灰本クリニック

50歳以上は痩せると危険、太らせる栄養治療

 

皆さんはご自身のBMI(肥満指数)をご存じですか?

 皆さんはご自身のBMI(肥満指数)をご存じですか?体重を身長の二乗で割ると計算できます。例えば身長が160cmで体重が51kgだとするとBMIは約20、64kgでBMI約25、76kgならBMIは約30です。管理栄養士の栄養指導と言えば、患者さんを「痩せさせる」「栄養を制限する」印象が強いかと思いますが、当院では栄養指導の約半数は「太らせる」「もっと栄養をとる」患者さんたちです。癌術後、抗癌剤後、心不全で入退院を繰り返す、在宅酸素療法、椎体骨折などで3-6か月間にに5-20kgも痩せてしまった患者さんたちです。早急に体重を増やさなければ命に関わります。

ではなぜ太る必要があるのか、メタボリック症候群のウソも含めて命と体重の正しい関係について医師から説明します。

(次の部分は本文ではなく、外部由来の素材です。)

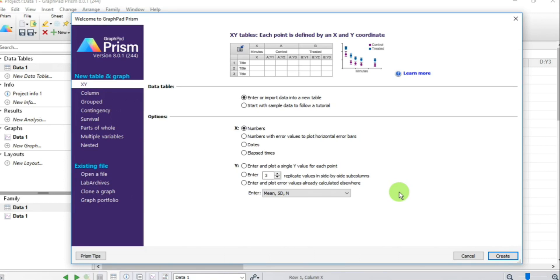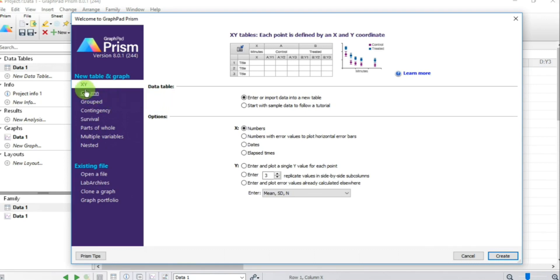The sigmoidal curve will let us calculate the EC50 or potency of our agonist. In the left panel we have a choice of different graph types. To draw a concentration-response curve, you need to choose the XY plot. Just leave the X values section for now.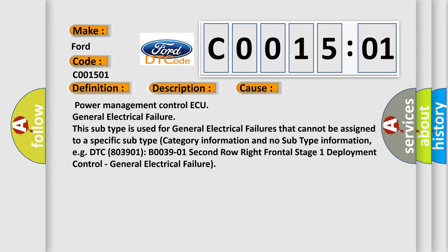Power Management Control ECU General Electrical Failure. This subtype is used for general electrical failures that cannot be assigned to a specific subtype category information and no subtype information, e.g., DTC 80039-01 B0039-01 Second row right frontal stage 1 deployment control, general electrical failure.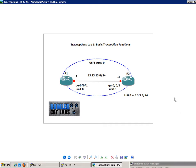But first, let's take a look at the network diagram. We have Router 1 and 3. They are both connected to each other via GIG E001, Unit 0, and they have the IP address of 13.13.13.0.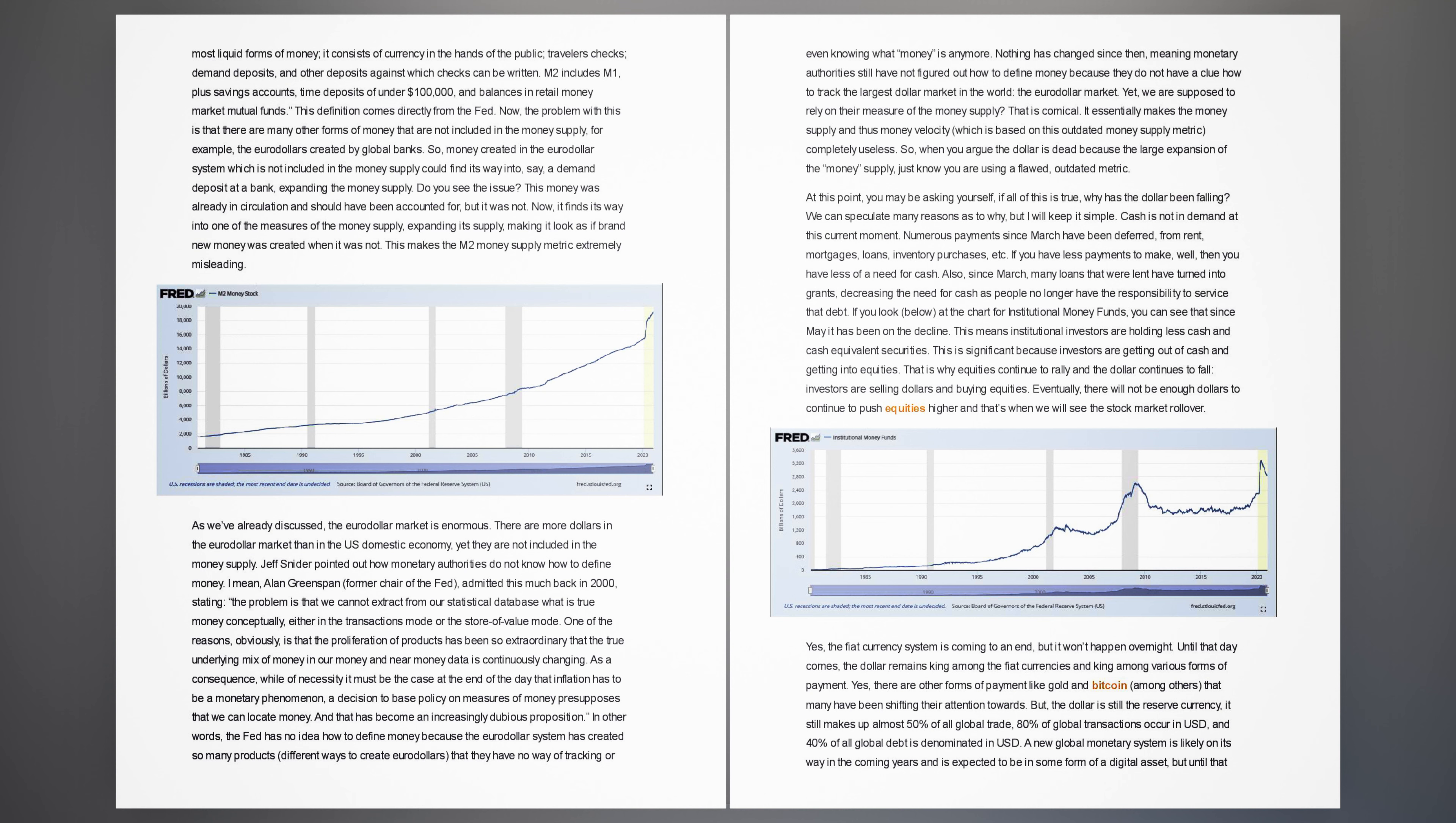Yes, the fiat currency system is coming to an end, but it won't happen overnight. Until that day comes, the dollar remains king among the fiat currencies and king among various forms of payment. The dollar is still the reserve currency. It still makes up almost 50% of all global trade, 80% of global transactions occur in USD, and 40% of all global debt is denominated in USD. A new global monetary system is likely on its way in the coming years, but until that day comes there is no alternative system. Because of this, the dollar will never die until the system dies.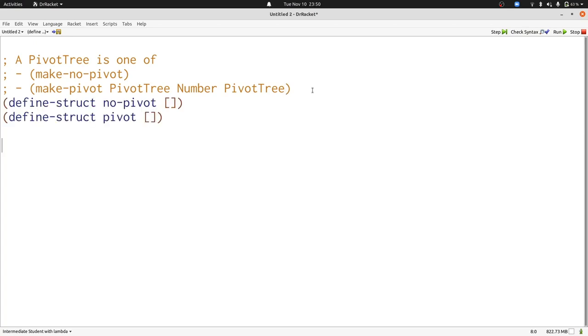Now let's write a function that takes a pivot tree and produces a sorted list. The important thing to remember is that all the numbers in the left pivot tree should be smaller than the pivot, and all the numbers in the right pivot tree should be larger than the pivot. That means it will be really easy to write a function that produces a sorted list from a pivot tree.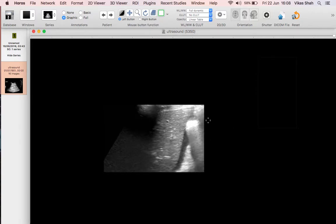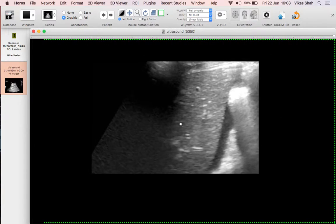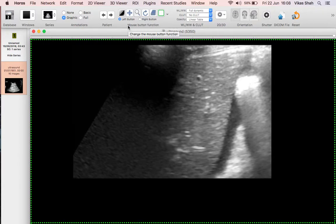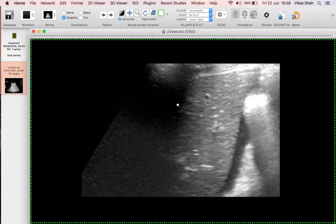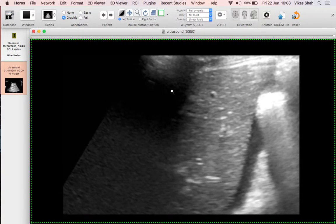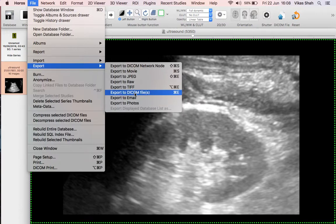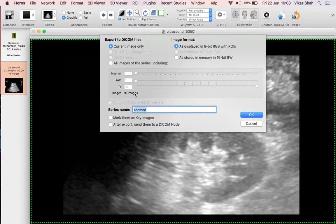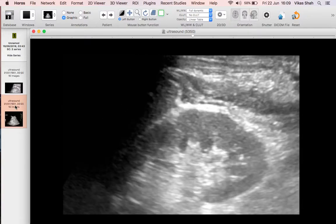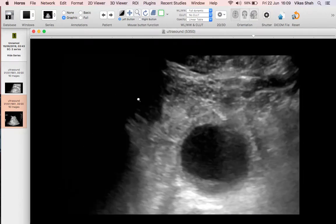As these images stand, they're very small and don't really make best use of the screen real estate. So we should bring them to the centre and zoom them up. The green dotted line indicates your screen area and we can make them bigger. Now we're going to export these images — go to File, Export, and Export to DICOM files. Here you can choose to export the current image or all of the images. Select all, call it 'ultrasound', and click OK. It creates a brand new series with all of the images zoomed up.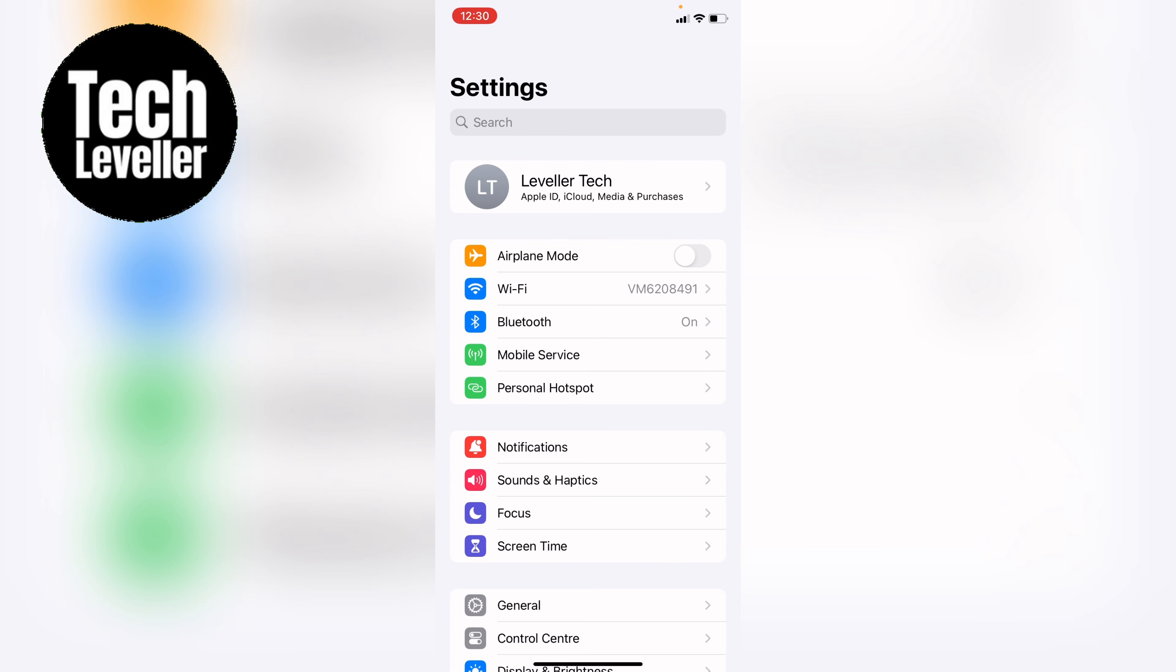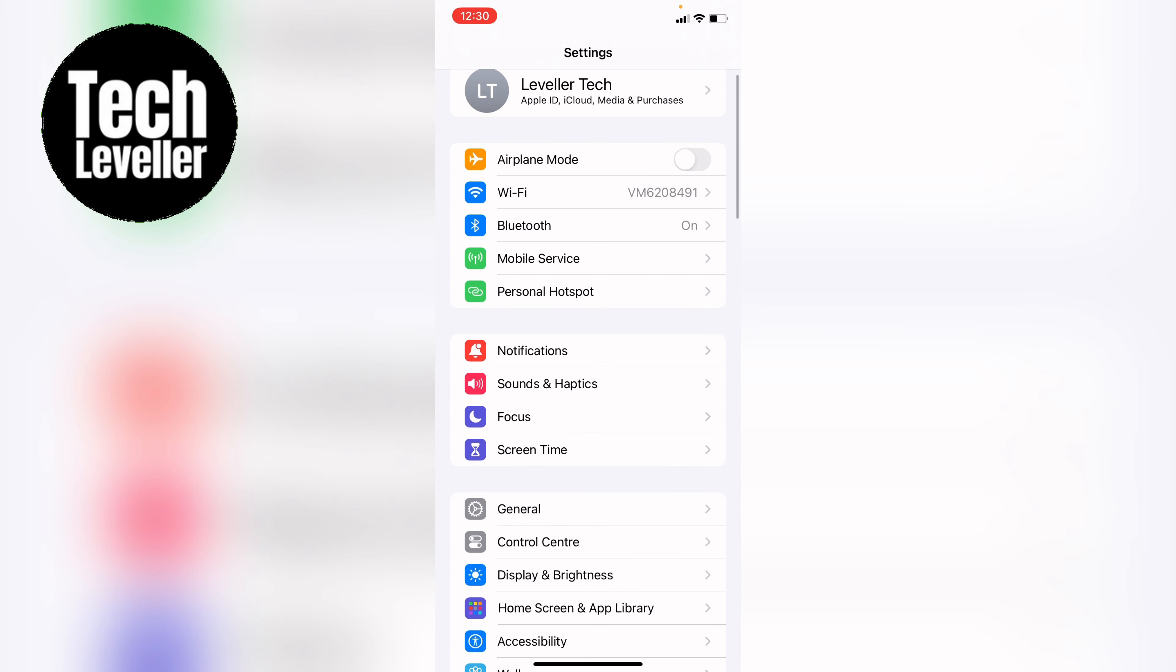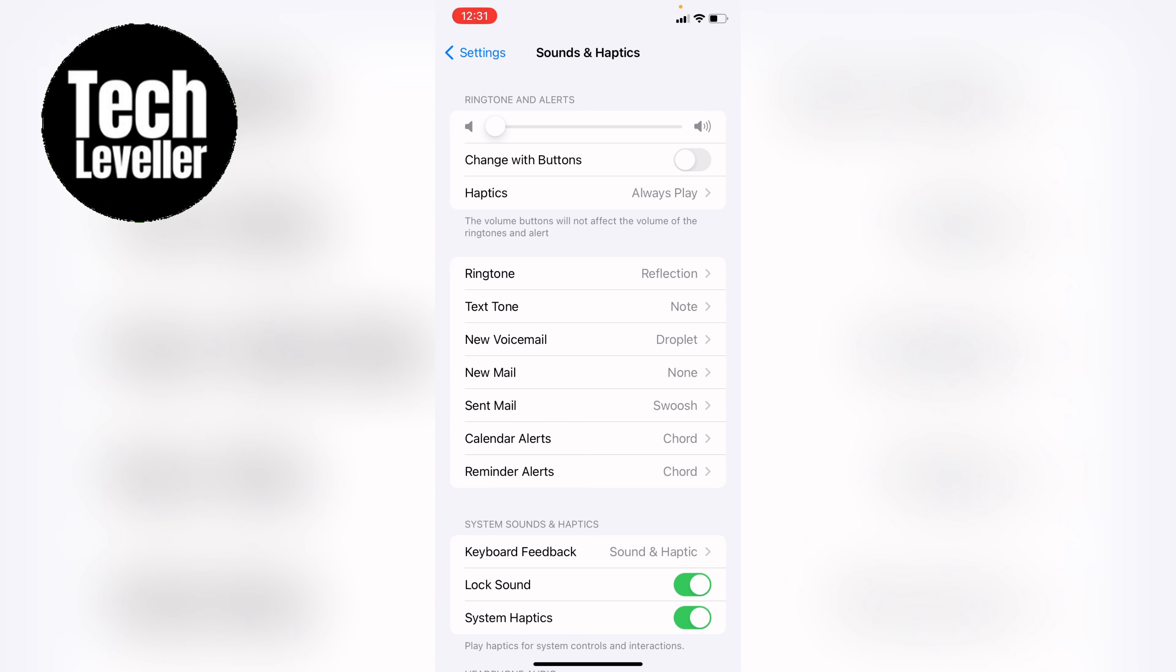Come down to sounds and haptics and within sound and haptics you'll see ring and alerts and you should see this slider bar here across the top and you want to slide this to a volume of your choice.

小太りは生き延びるが、痩せは生き延びない―肥満パラドックスの真実とメタボの嘘―


命のかかった病気と闘うには体重と体力

 たとえば胃癌・食道癌・膵臓癌などで臓器を切除する手術を受けると7-15kg体重が減ります。そこからさらに放射線治療や抗癌剤治療などが始まると全部で10-20kgも体重が減ります。15-20kgも減ると内臓脂肪も使い果たして筋肉も減って杖歩行となります。その時になって太ればよいのは通用しません。食道・胃・膵臓がなくなり、さらに抗癌剤を使えば、まったく食べられなくなるだけでなく、毎日嘔吐や嘔気が続きます。それを想像してみてください。 エネルギー源となる糖質(ごはん、ぱん、麺)も筋肉の材料となるタンパク質(卵、大豆製品、肉製品)も量(かさ)が大きく、見るだけでおなかがいっぱいになります。吐き気が強く体調不良の時にごはん、チキンソテーやゆで卵など食べる気になりますか? なにはなくとも、まず体を動かし、代謝を回すエネルギー源が第一です。そこで重要になるのが、かさばらない脂質です。揚げ物や油たっぷりの野菜炒めを食べろという意味ではありません。植物油をいろいろなおかず、味噌汁、スープ、スムージー、ドリンクなどにまわしかければよいのです。植物油大さじ1.5杯(18g)でコンビニおにぎり1個分のエネルギーになります。無味無臭で安価であり、量が少なくエネルギー源になる植物油が最も重要です。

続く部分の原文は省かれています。